With just one MP rather than the eighty or so they would have gotten under a proportional system, can Nigel Farage's party make a difference?
Eighteen days before the election I wrote an article asking the question of whether or not UKIP would be able to make a difference in the new parliament in the circumstances in which they got only a couple of MPs. The party was weakened by the first-past-the-post system which favours smaller parties. In the end UKIP only got one MP, former Conservative MP Douglas Carswell, so their influence in making a difference in parliament is rather small.
Despite this, even when they had no MPs the party did have influence. They shaped some of the political debate, especially on immigration and resulted in the Conservatives promising an in/out referendum - a referendum which is set to take place within the next two and a half years. So even without representation they made an impact.
But now, in the short term, it looks unlikely that they will make a big difference in parliament. UKIP will fight for an out vote, alongside other forces advocating an out vote but their influence in parliament itself will be small.
Then again, in the long term it looks as if things will be different. UKIP’s 13% of the vote, but only one seat, highlights the need for reform to the electoral system.
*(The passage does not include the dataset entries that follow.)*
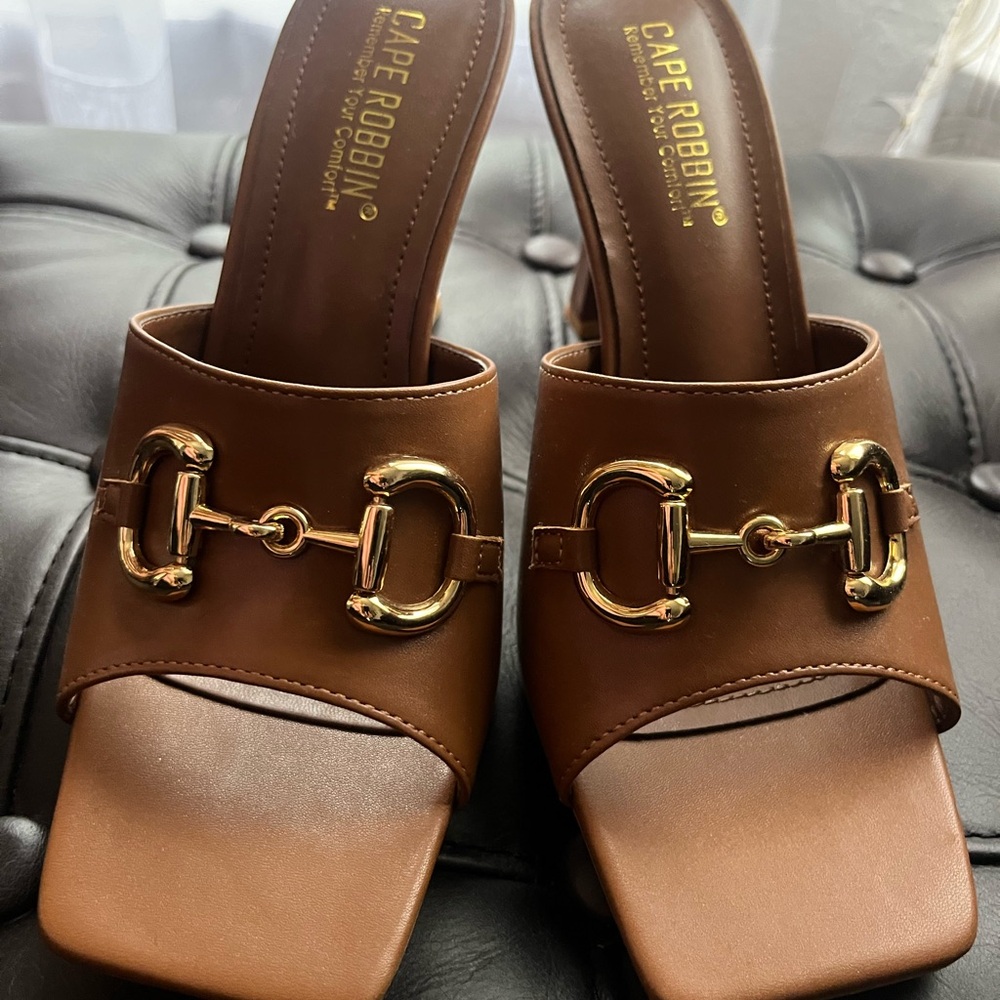 Cape Robbin Brown Mules with Gold Details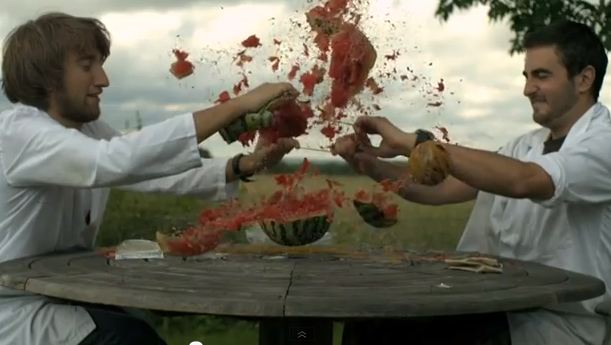 Το καρπούζι και τα …500 λαστιχάκια!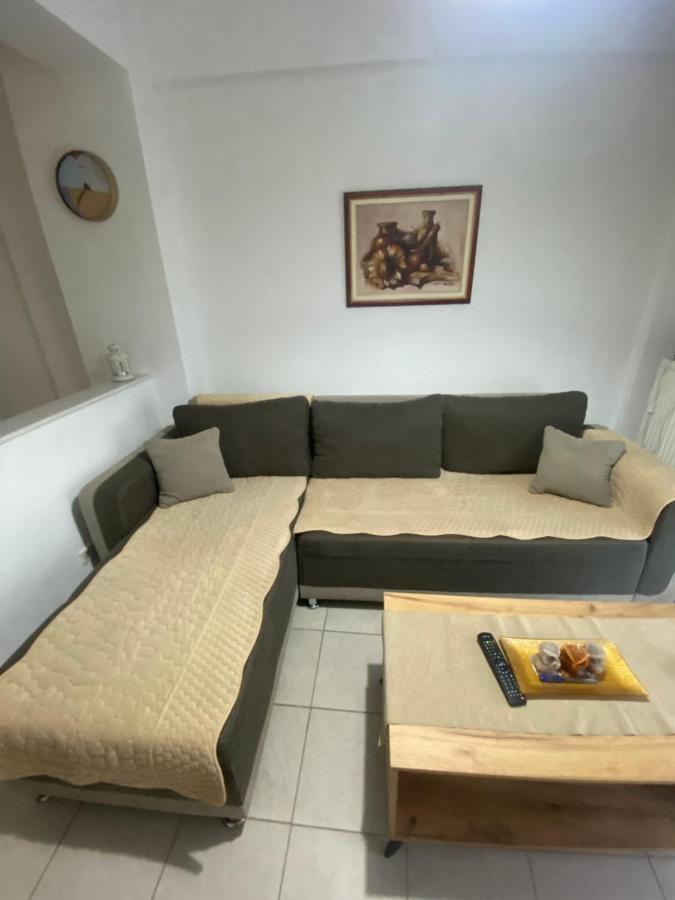Lovely 2-Bedroom Appartement With Free Parking Agia Triada  Exterior photo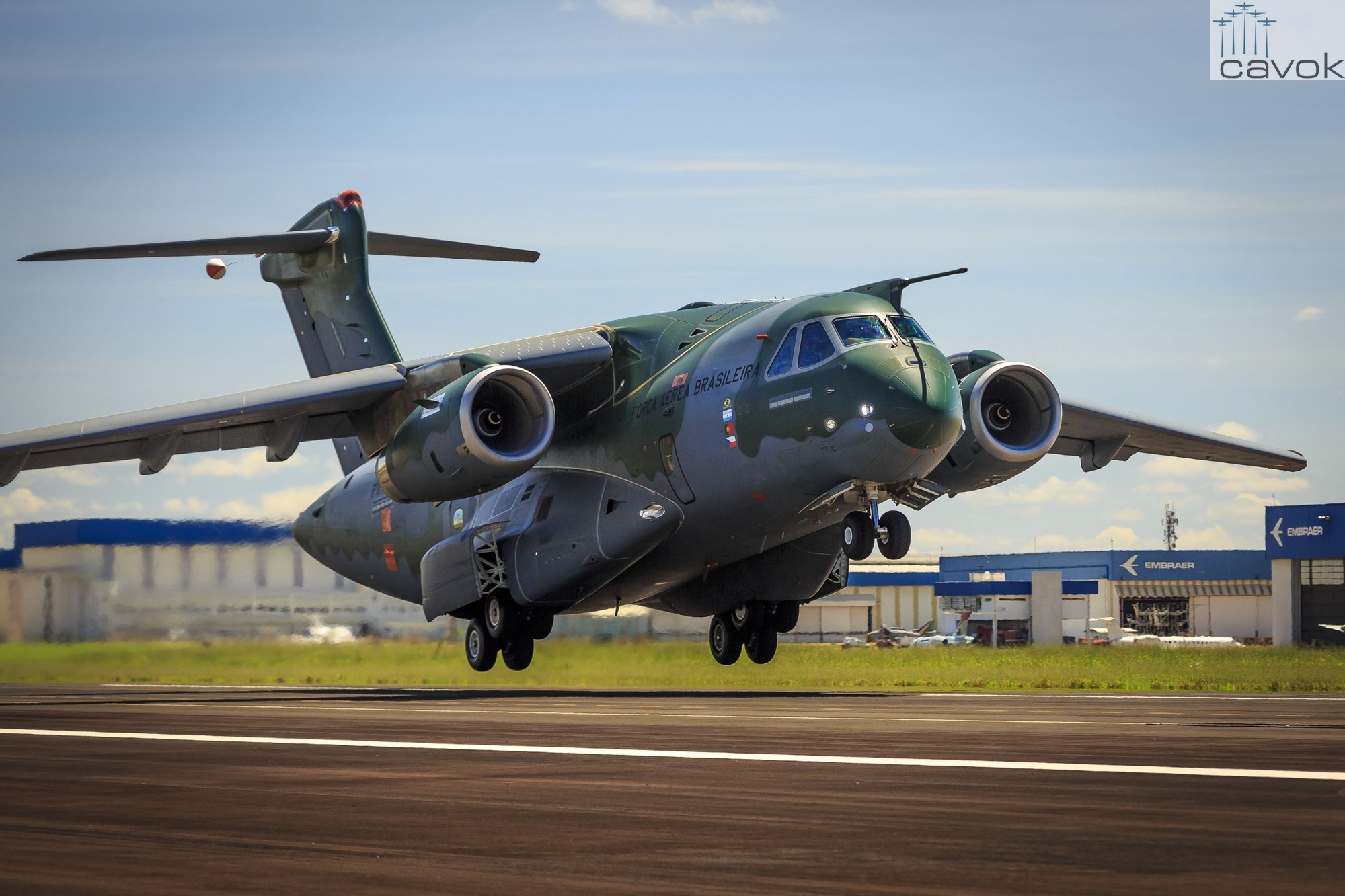 KC-390-em-Gavião-Peixoto-São-Paulo-Foto-–-Sgt-Batista-Força-Aérea-Brasileira-3.jpg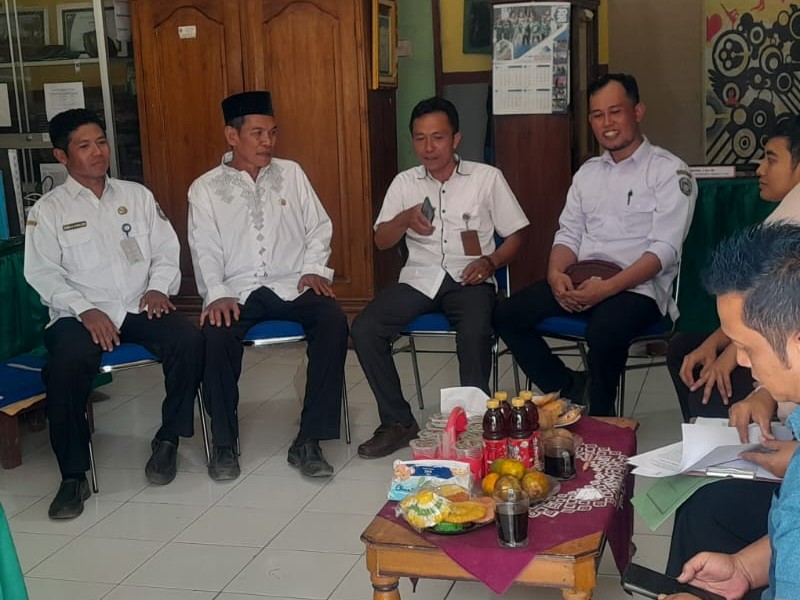 Tim Aset Kabupaten Situbondo Laksanakan Penaksiran Penghapusan Barang di SD Negeri 1 Alastengah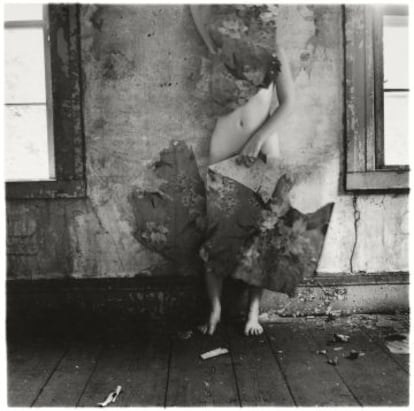 Imagen de la serie Space 2, Providence, Rhode Island, 1976 Francesca Woodman © George and Betty Woodman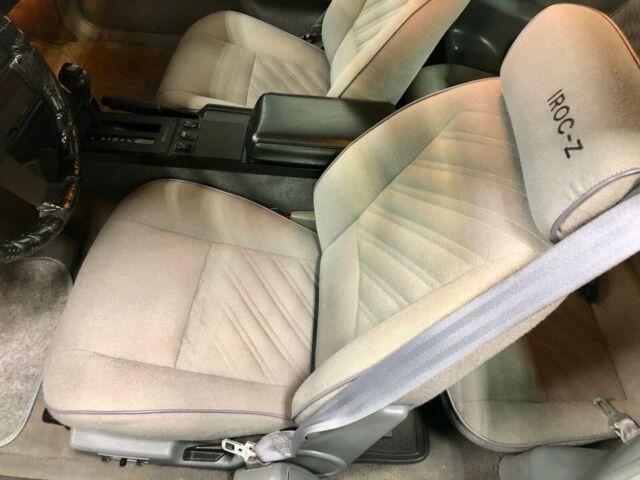 1987 Chevrolet Camaro - photo 8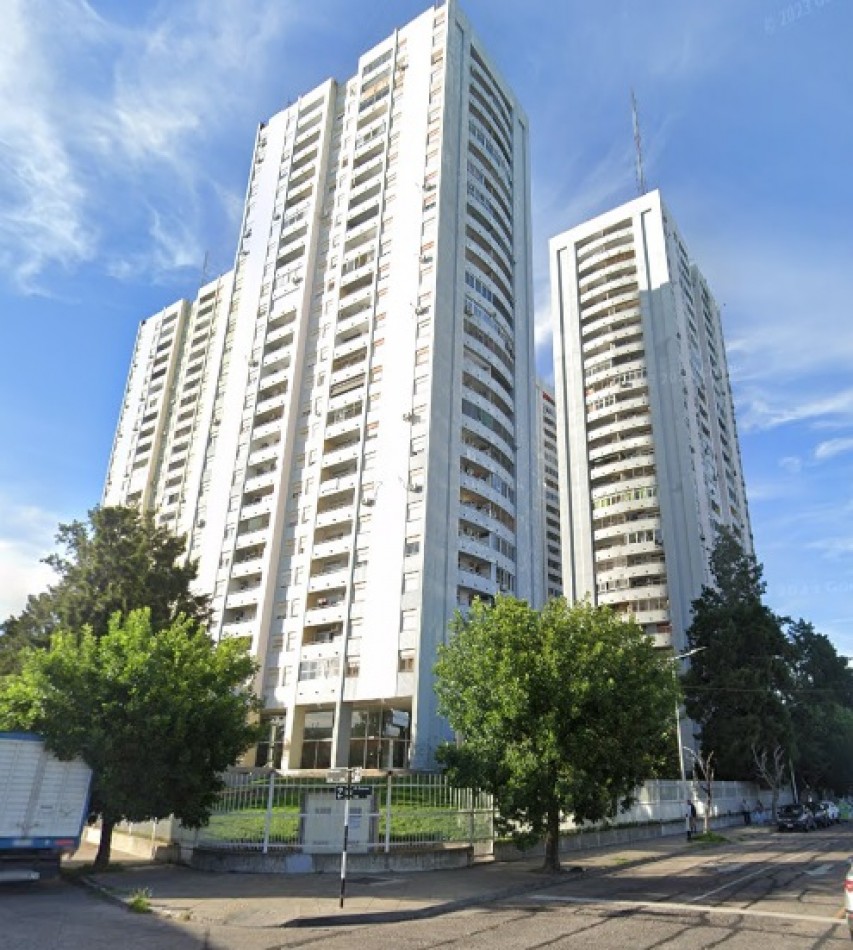 Departamento de 3 ambientes, piso 14, con cochera cubierta. Torres Pueyrredon. 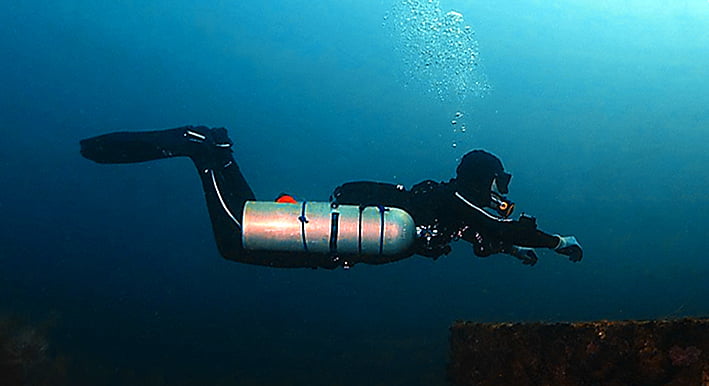 Master horizontal trim to improve diving buoyancy control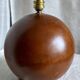 Lampe boule bois tourné vintage 1970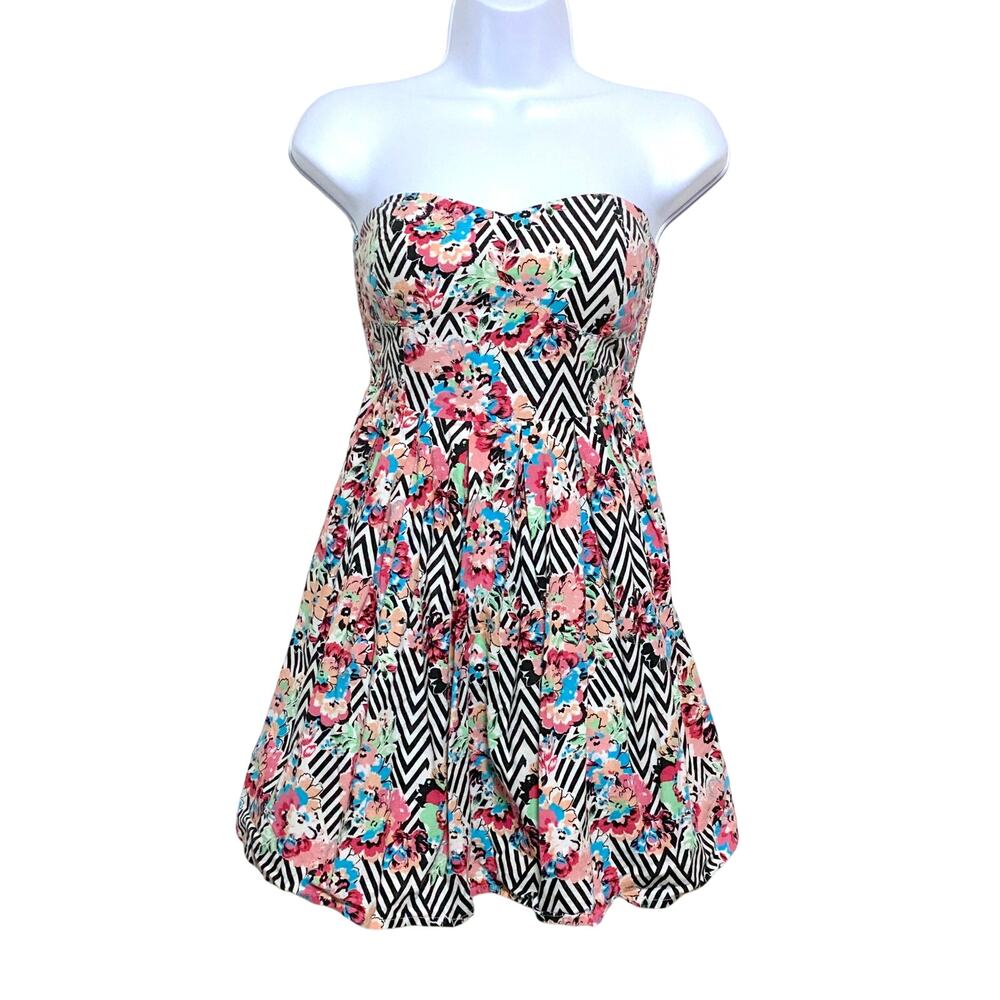 No Boundaries Babydoll Strapless Mini Dress S Smocked Floral Zig Zag Summer Y2K - Picture 1 of 8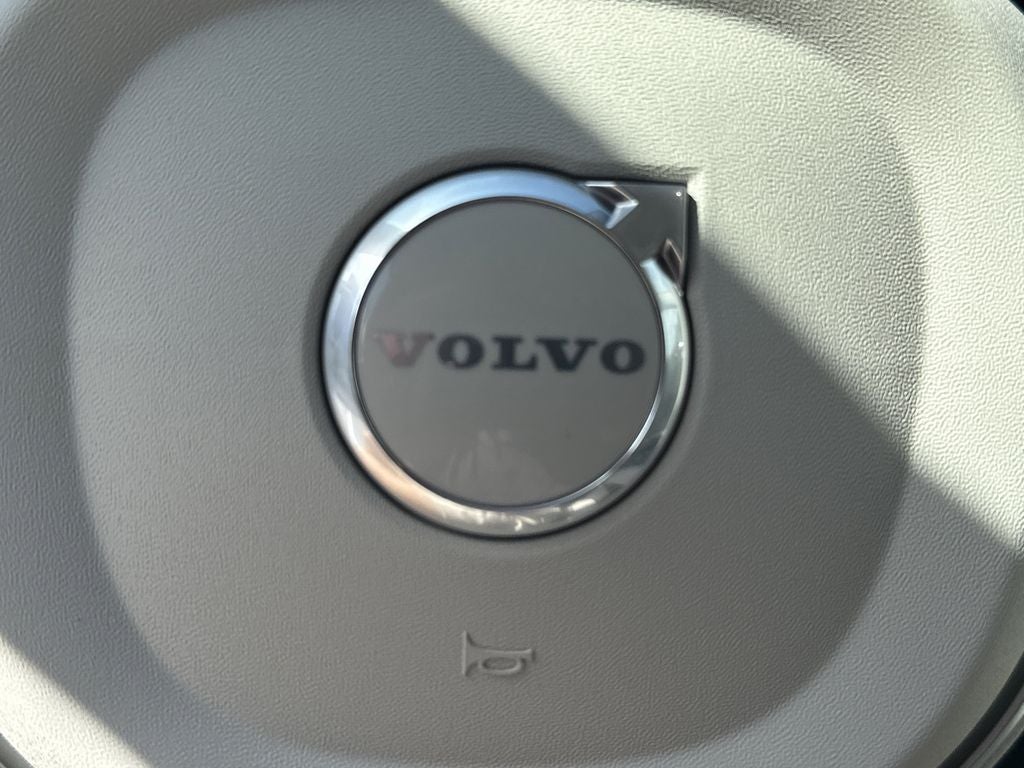 2026 Volvo XC60 Plug-In Hybrid T8 Ultra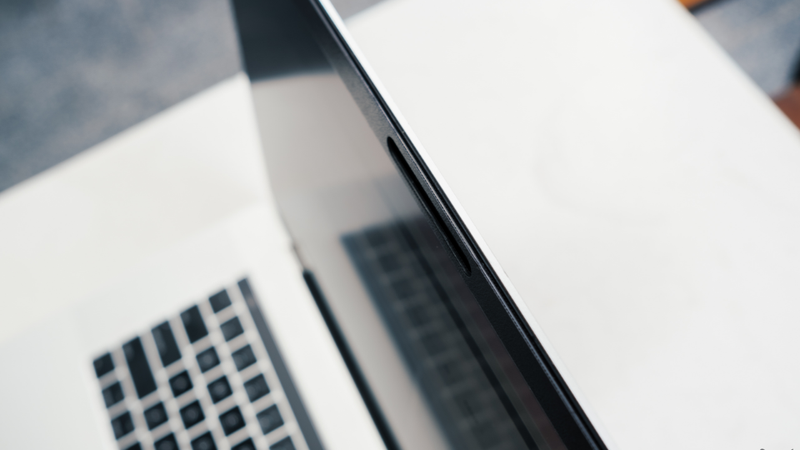 Dán màn hình chống nhìn trộm MacBook 3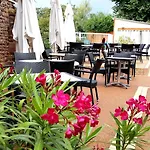 La Rose Hotel 3*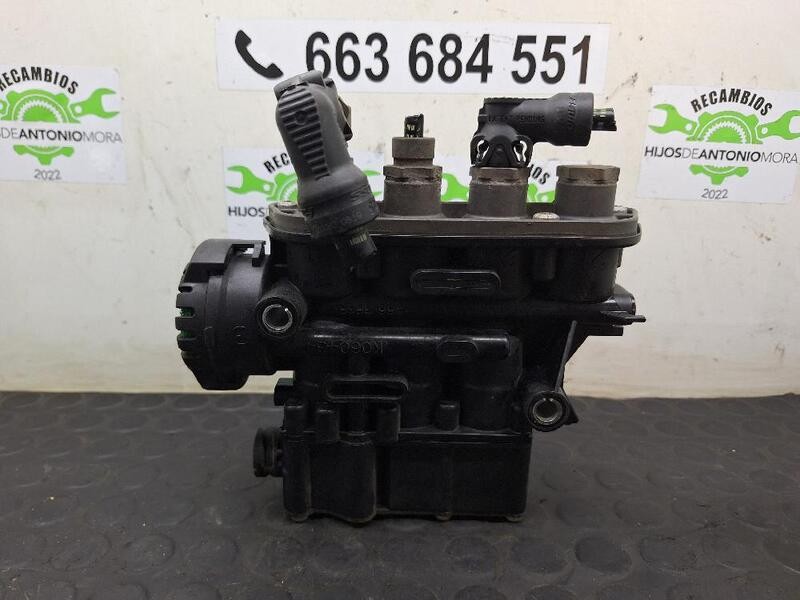 21083657 Renault T Series 2013 106717 PNEUMATIC SUSPENSION VALVE
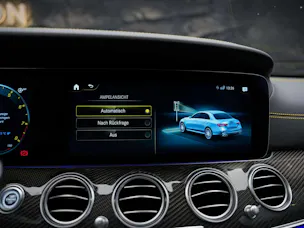 MERCEDES-BENZ AMG E 63 S 4Matic+ Speedshift 9G-TCT *FINAL EDITION*MSI+*Schalensitze*Panorama*Sitzbelüftung*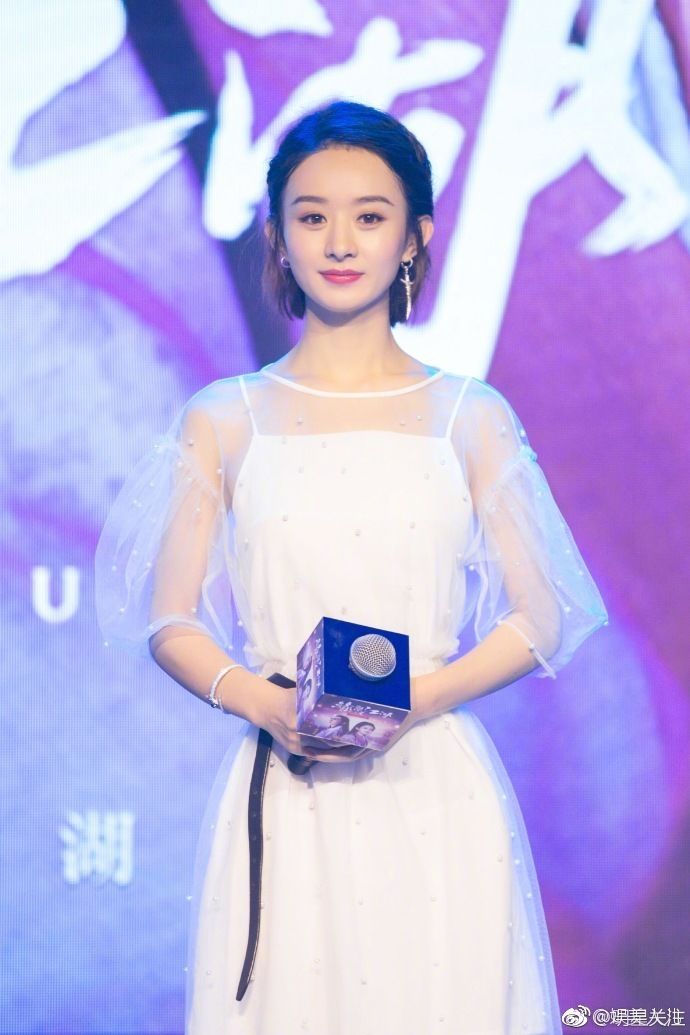 当赵丽颖穿上白色连衣裙，才知道什么叫美若天仙 纯洁无瑕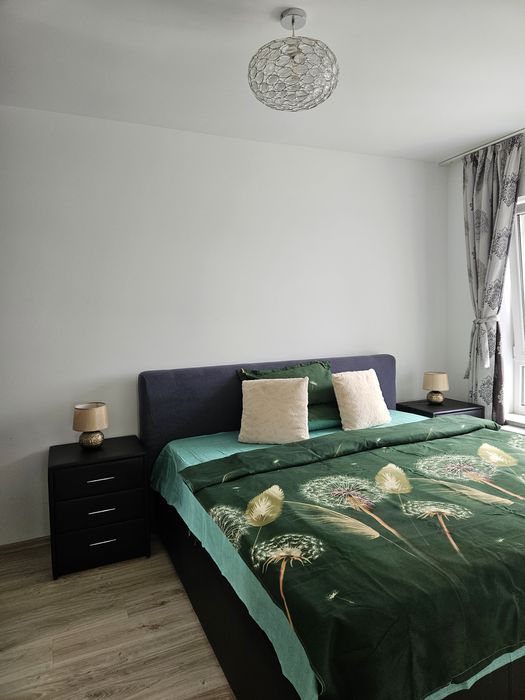 Inchiriez apartament 3 camere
Following the election UKIP united with the SNP, Plaid Cymru, the Liberal Democrats and the Greens in order to make the case for electoral reform. A petition was handed into Downing Street - making the case for change.
History was made on May 7th when almost four million people voted UKIP and it did not make a difference in terms of seats for the party. But in the long term, if the UK ever adopts a fairer system history will look back and see that the UKIP vote of 2015 did make a difference.